Additive manufacturing (AM) today is viewed by the composites industry primarily as a faster and less-costly method of producing prototype and low-volume composite parts. That perception is changing, however, as companies explore new techniques that will enable competitively priced 3D parts production on a much larger scale.
The industry’s growing interest in AM stems in part from the increased availability of desktop and medium-sized industrial 3D printers, according to Rick Neff, an AM technical and marketing consultant. Companies are experimenting with these printers, which typically combine carbon, glass or even aramid fibers (and sometimes tapes) with thermoplastic or photo-cured polymers.
At the same time, the technology for large-scale additive manufacturing (LSAM) has advanced. Thermwood Corporation, for example, has built upon the basic concepts of the Big Area Additive Manufacturing (BAAM) machine developed by Oak Ridge National Laboratory (ORNL) and private industry partners. Thermwood’s LSAM machines use a continuous cooling process to ensure each printed layer is at the optimal temperature to accept the next layer. This produces composite tools with vacuum integrity. “Other processes haven’t been good enough to create a tool without some sort of additional step to try to seal the tool or put a different surface on it that can hold a vacuum,” Neff explains.
In 2014, BAAM’s largest printed part was six feet long, 20 feet wide and eight feet high; Thermwood’s 1540 LSAM machine can produce parts 40 feet long, 15 feet wide and five feet tall and at a much faster speed. That’s led to new opportunities in the fast production of larger tools for aerospace and marine manufacturers.
“When we look at the cost of developing a prototype airplane, a large part of both the cost and the lead time can be attributed to tooling,” says Neff. “If it takes you months to get tools, it takes you months to build a plane. But if you can get tools in a week or two that revolutionizes the whole process of prototyping an airplane.”
Neff also notes that materials suppliers have developed a wider range of products specifically designed for AM. A manufacturer using an injection molding process can tolerate material shrinkage, which makes it easier to remove a part from a mold. But manufacturers don’t want a printed part to shrink, so they add carbon fiber or glass fiber to lower the coefficient of thermal expansion by a factor of 10, or an order of magnitude. “When you print parts, the hot layer on top doesn't shrink a lot and cause the part to warp and change its shape,” he says.
Construction Applications
Neff believes that advances in additive manufacturing, especially LSAM, will provide new opportunities in construction markets. While there’s a lot of hype around 3D printing concrete for buildings, he believes the real innovations – and the better economic proposition – is in printing composite forms for casting concrete.

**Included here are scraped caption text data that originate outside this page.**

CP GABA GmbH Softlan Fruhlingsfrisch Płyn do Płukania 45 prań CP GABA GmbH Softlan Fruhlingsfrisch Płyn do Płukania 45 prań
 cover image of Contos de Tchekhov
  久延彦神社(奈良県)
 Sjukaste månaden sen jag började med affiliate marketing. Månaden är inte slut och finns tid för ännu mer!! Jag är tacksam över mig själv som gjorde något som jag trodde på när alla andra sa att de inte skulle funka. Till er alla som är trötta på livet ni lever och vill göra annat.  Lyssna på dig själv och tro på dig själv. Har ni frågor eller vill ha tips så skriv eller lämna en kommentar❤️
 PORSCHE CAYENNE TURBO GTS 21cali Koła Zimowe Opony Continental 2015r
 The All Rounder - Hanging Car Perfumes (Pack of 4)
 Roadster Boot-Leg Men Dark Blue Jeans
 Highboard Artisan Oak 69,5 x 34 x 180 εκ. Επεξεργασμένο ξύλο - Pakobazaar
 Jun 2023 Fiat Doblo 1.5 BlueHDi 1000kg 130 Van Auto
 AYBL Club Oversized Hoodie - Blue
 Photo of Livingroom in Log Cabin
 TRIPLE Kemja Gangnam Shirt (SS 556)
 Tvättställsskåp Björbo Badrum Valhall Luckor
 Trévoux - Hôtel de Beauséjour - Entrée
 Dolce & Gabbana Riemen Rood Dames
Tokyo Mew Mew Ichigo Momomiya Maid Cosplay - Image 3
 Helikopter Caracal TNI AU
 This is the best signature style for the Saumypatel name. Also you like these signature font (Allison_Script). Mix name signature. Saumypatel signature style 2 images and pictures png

Architects have discovered the potential of employing 3D-printed composites to create unique shapes for artwork or for retail store displays and museum exhibits. One example is the Al Davis Memorial Torch at the Las Vegas Raiders’ stadium, created from 225 composite material blocks that were 3D-printed with carbon fiber.
Architect Platt Boyd founded Branch Technology because he was frustrated with the constraints of traditional construction methods and materials. Inspired by natural forms and structures, Boyd found a way to incorporate those elements into buildings using the design freedom made possible by robotic, free-form 3D printing.
“We have a proprietary extrusion mechanism and proprietary algorithms that guide the robot through the path,” says David Goodloe, Branch Technology’s program development manager. “The material actually solidifies in free space as extruded, allowing us to print as if the robot was a giant pen tracing a three-dimensional path through the air and leaving behind a reinforced polymer in its wake.”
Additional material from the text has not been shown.